Mark Rubin, MD
Director, Englander Institute for Precision Medicine of Weill Cornell Medicine and NewYork-Presbyterian Hospital, New York, NY
Homer T. Hirst Professor of Oncology in Pathology Vice Chair of Molecular and Genomic Pathology of Weill Cornell Medicine, New York, NY
Associate Director for Precision Medicine, Meyer Cancer Center of Weill Cornell Medicine, New York, NY
Dr. Rubin is a recognized as a world leader in the area of prostate cancer genomics and pathology. He is a board-certified pathologist with expertise in prostate cancer pathology and the translation of novel findings to clinical investigations. As a laboratory-based researcher, Dr. Rubin has more than 15 years experience in biomarker discovery and characterization. He is currently Co-PI with Dr. Arul M. Chinnaiyan (University of Michigan) of a Biomarker Discovery Laboratory of the EDRN, and works closely with Dr. Levi Garraway (Broad Institute) on whole genome and exome sequencing of prostate cancer.

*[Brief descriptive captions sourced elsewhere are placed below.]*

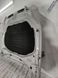 Капот 4L0823029A Audi Q7 Audi Q7 #7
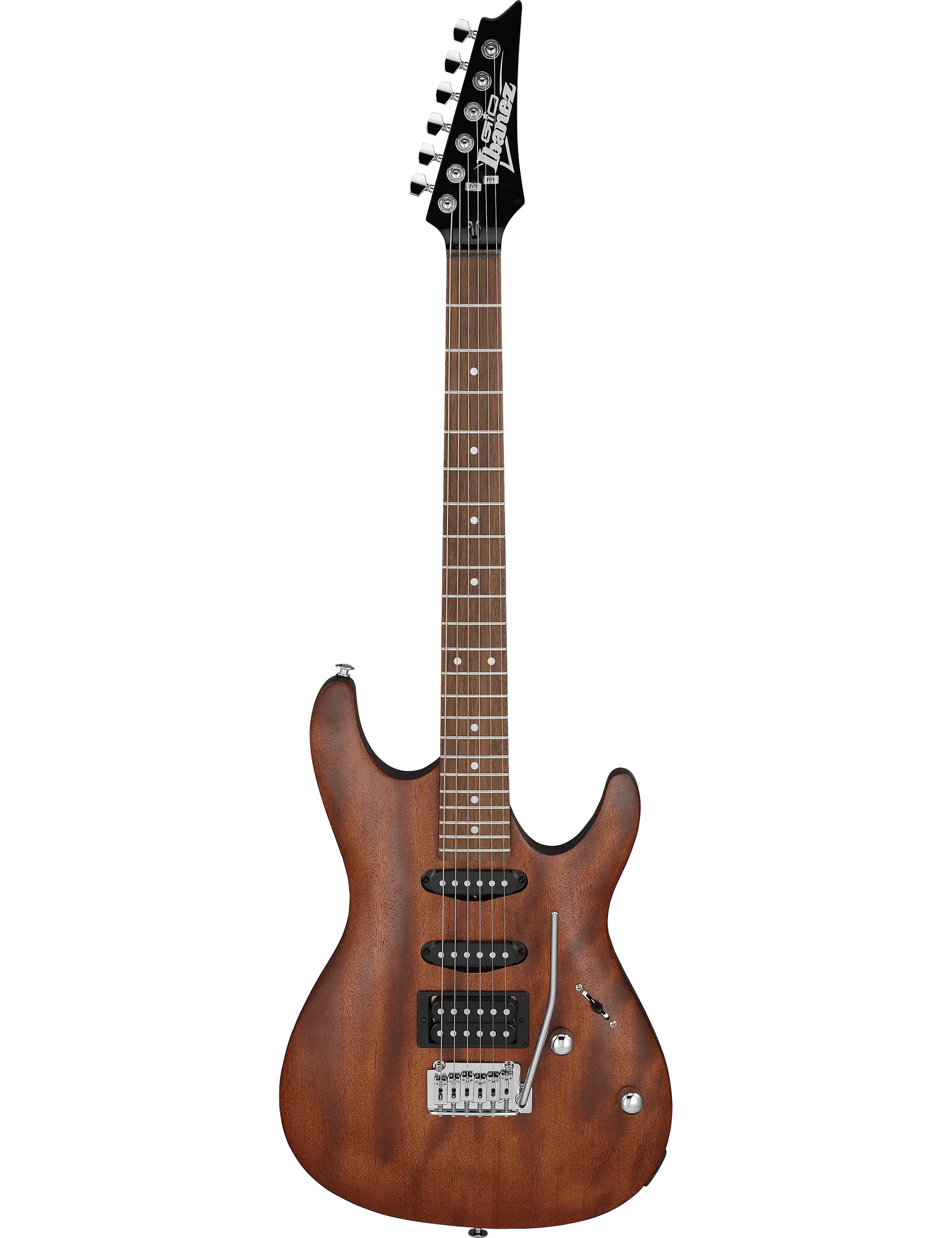 Ibanez GSA60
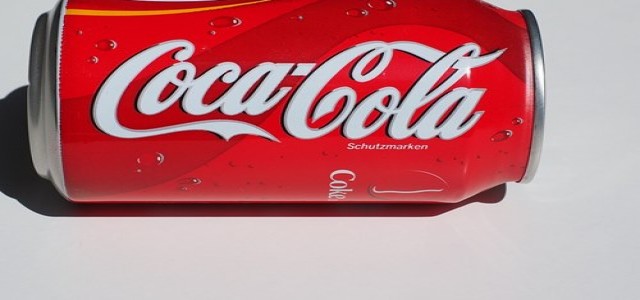 Coca-Cola Beverages Africa plans IPO in Johannesburg and Amsterdam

In his role as a scientific leader at Weill Cornell Medicine, he is the Founding Director of the recently established Englander Institute for Precision Medicine. He is primarily responsible for its scientific development and oversight for all genomics, computational cancer genomics, and biobanking activities related to the diagnosis and treatment of cancers. Among his seminal observations in prostate cancer genomics and biomarker development, Dr. Rubin was the co-Senior Investigator of the first gene expression profiling study in prostate cancer (Nature, 2001) and the first whole genome and exome DNA sequencing studies in prostate cancer (Nature, 2011 and Nature Genetics, 2012). This work led to the discovery and development of several prostate cancer biomarkers, including AMACR, Hepsin, Pim1, EZH2, JAGGED1, SPOP, MED12, MYCN, and AURKA. Working with Dr. Chinnaiyan, he played a pivotal role in the landmark discovery of recurrent ETS rearrangements in prostate cancer, most often involving TMPRSS2:ERG (Science, 2005). Their recent genomics work has defined an SPOP mutant subclass of prostate cancer, as defined by a high susceptibility to double stranded DNA damage (Cell, 2013). Additionally, their discovery of AURKA/MYCN amplified aggressive prostate cancer (Cancer Discovery, 2013) has led to a Phase II Trial of MLN8237 in Patients with Metastatic Castrate Resistant and Neuroendocrine PCa (NCT01799278).